WHAT YOU HAVE TO DO:
When you reach the line that contains "Looking for the" below, transcribe it and each line after it word for word to the end of the records, omitting pictures.

==*==

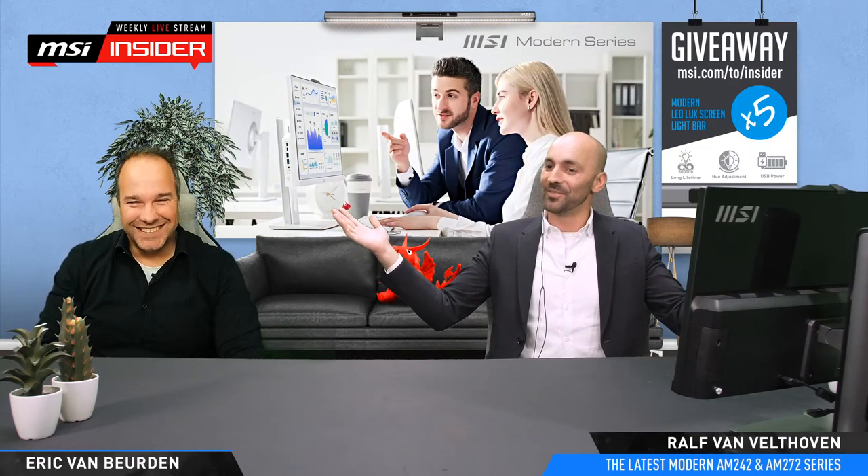Today we're going to talk about our professional lineup and specifically about all-in-ones. Merrick in the chat says we have to be the most well-dressed on the stream ever - well it's a business stream so I figured I'd look the part. I wanted to look business, business. Eric you also look very nice today - if the chat doesn't say it, I will say it.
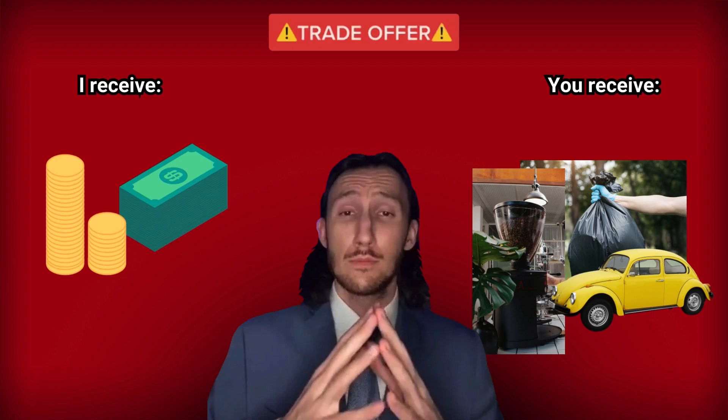I don't know about you, but I like to play the flipping game on easy mode, which is why I flip items for money instead. So here are the three steps that I follow that make flipping a piece of cake and your dream house a reality.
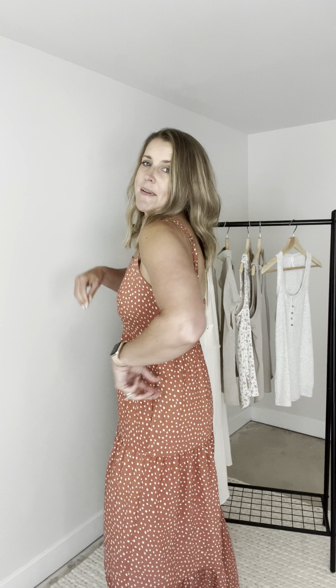I did go ahead and put a strapless bra on because it has kind of spaghetti straps. The nice thing is that the straps are adjustable. When I put it on it was way down here on me — that's not going to work — but I just adjusted the straps up.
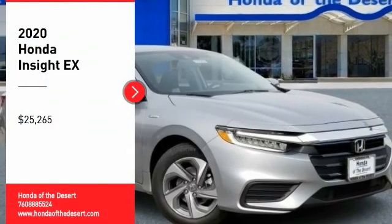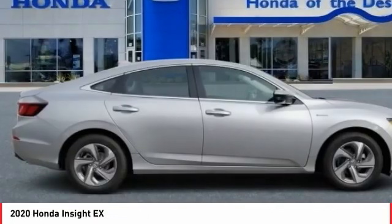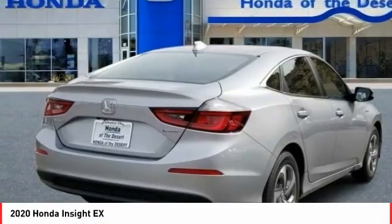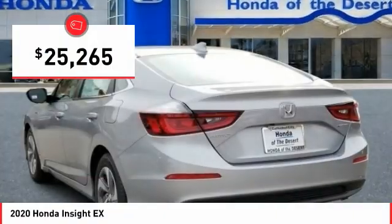Looking for the right vehicle? Check out the 2020 Insight. 40 miles per gallon, smooth ride, performance, exterior, interior — Honda Insight has it all and is priced below $30,000.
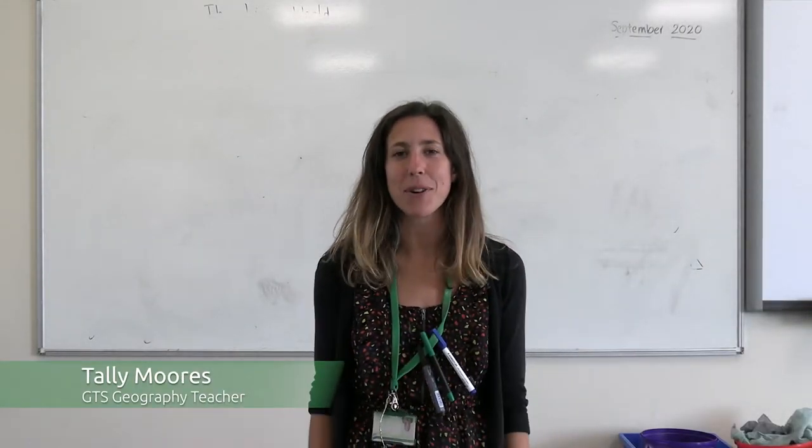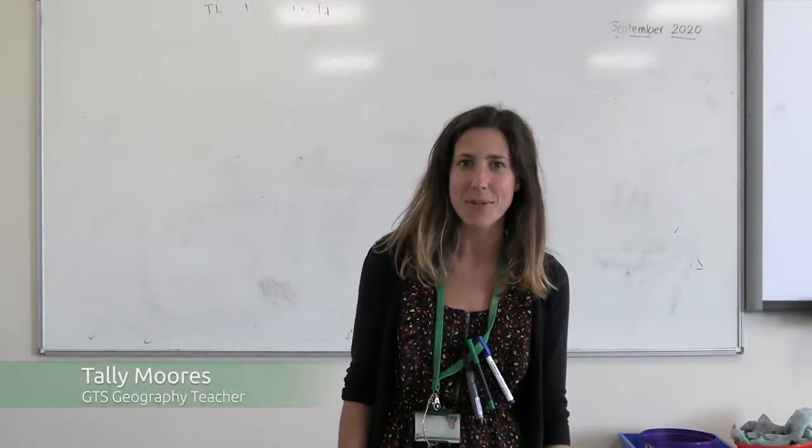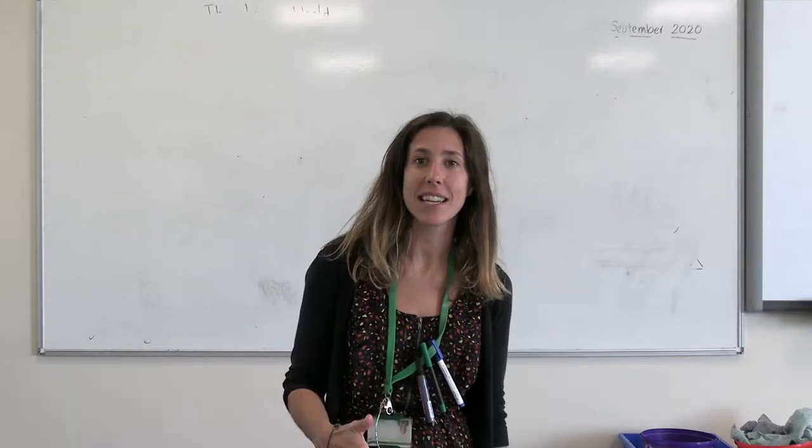Hello there, my name is Mrs Moores and I'm one of the geography teachers at Great Torrington School. I'm just going to talk to you about the Key Stage 3 curriculum that we offer at Great Torrington.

==*==

ANSWER TO THIS EXERCISE:
Looking for the right vehicle? Check out the 2020 Insight. 40 miles per gallon, smooth ride, performance, exterior, interior — Honda Insight has it all and is priced below $30,000.
Hello there, my name is Mrs Moores and I'm one of the geography teachers at Great Torrington School. I'm just going to talk to you about the Key Stage 3 curriculum that we offer at Great Torrington.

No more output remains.